- Theatrical release poster
- Directed by: Achyuth Vinayak
- Written by: Achyuth Vinayak; Ajith Nair;
- Story by: Achyuth Vinayak
- Produced by: Sanjay Routray; Sarita Patil; Vishnu Shyamaprasad; Gayatri M;
- Starring: Arjun Ashokan; Anna Ben;
- Cinematography: Jayesh Mohan; Ajmal Sabu;
- Edited by: Rakesh Cherumadam
- Music by: Jay Unnithan
- Production companies: Matchbox Shots; Lacuna Pictures; Clock Tower Pictures;
- Release date: 26 May 2023;
- Country: India
- Language: Malayalam

= Thrishanku =

2023 Indian romantic comedy film

Thrishanku is a 2023 Indian Malayalam-language romantic comedy film written and directed by Achyuth Vinayak. It stars Arjun Ashokan and Anna Ben with Suresh Krishna, Zarin Shihab, Nandu, Fahim Safar, and Shiva Hariharan in supporting roles.

== Plot ==
Small-town couple Sethu and Megha plan to elope, but complications arise when Sethu's sister also decides to elope. Sethu goes to bring her back with his quarrelling uncles, all while trying to elope with Megha and not get caught.

== Production ==
The film was produced by Sanjay Routray and Sarita Patil of Matchbox Shots with Vishnu Shyamaprasad of Lacuna Pictures, while it was co-produced by Gayatri M of Clock Tower Pictures. The cinematography of the film was done by Jayesh Mohan and Ajmal Sabu, while the editing of the film was done by Rakesh Cherumadam. The teaser was released on 19 April 2023. The trailer for the film was released on 2 May 2023.

== Music ==
The music for the film was composed by Jay Unnithan.

Track listing
| No. | Title | Lyrics | Singer(s) | Length |
|---|---|---|---|---|
| 1. | "Panjimittai" | Manu Manjith | Nithinraj, Nithya Mammen | 4:02 |
| 2. | "Bhoomiyumilla" | Achyuth Vinyak, Ajith Nair | Madhuvanthi Narayan | 2:31 |
| 3. | "Noolamala" | Manu Manjith | Vanee Rajendra, Shivakamy Shyamaprasad, Kaanjana Sriram | 3:48 |
| 4. | "Dapper Maama" | Manu Manjith | Jonita Gandhi | 2:48 |
| 5. | "Thrishanku Swargam" | Manu Manjith | Jay Unnithan | 4:11 |
| Total length: |  |  |  | 17:20 |

== Release ==
The film was released on 26 May 2023.

== Reception ==
Princy Alexander of Onmanorama wrote that "However, 'Thrisanku' could have done better if the makers had tapped a little into the depth of emotions between the lovers." S. R. Praveen of The Hindu wrote that "This Anna Ben-Arjun Ashokan film is a reasonably fun ride that pokes fun at traditionalists." Anna MM Vetticad of Firstpost gave 2.75 out of 5 stars and stated that "Thrishanku’s best-written characters though are Chandran who is a conservative religionist and casteist"
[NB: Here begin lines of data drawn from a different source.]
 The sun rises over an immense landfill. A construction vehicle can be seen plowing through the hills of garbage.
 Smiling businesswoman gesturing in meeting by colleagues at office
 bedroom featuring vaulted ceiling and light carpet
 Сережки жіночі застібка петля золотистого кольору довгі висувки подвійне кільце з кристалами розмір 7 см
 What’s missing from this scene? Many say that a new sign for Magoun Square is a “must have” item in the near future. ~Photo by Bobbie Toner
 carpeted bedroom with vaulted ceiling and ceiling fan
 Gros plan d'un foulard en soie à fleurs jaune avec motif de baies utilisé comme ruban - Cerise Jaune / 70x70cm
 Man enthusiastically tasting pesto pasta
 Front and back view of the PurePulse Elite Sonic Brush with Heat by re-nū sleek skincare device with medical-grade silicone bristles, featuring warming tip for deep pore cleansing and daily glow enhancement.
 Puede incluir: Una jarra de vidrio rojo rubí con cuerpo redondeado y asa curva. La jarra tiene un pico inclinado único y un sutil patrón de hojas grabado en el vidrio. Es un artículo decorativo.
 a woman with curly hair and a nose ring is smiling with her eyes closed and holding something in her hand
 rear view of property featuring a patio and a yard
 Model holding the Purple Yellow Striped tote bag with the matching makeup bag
Sajin Shrijith of Cinema Express gave it 3.5 out of 5 stars and wrote, "It doesn't have any lofty goals, but it always maintains a light tone. It's just light escapism entertainment. It doesn't have much depth to be shown." Sanjith Sidhardhan of OTTplay gave it 2.5 out of 5 stars and wrote, "Though the film is less than two hours long, it feels stretched since many subplots connected to the characters' main journey do not have the expected effect. The film also has a drab visual presentation that doesn't help the comic components, notably in the scenes set at the Mangalore lodge."

Cris of The News Minute gave the film 3.5 out of 5 stars and wrote, "Over all, Achyuth should be commended for coming up with the story. It's hardly a thrill-ride storyline, and it's far from realistic. The plot has holes, particularly Sumi's half-baked story. However, if the makers intended for the movie to be fun, it does work."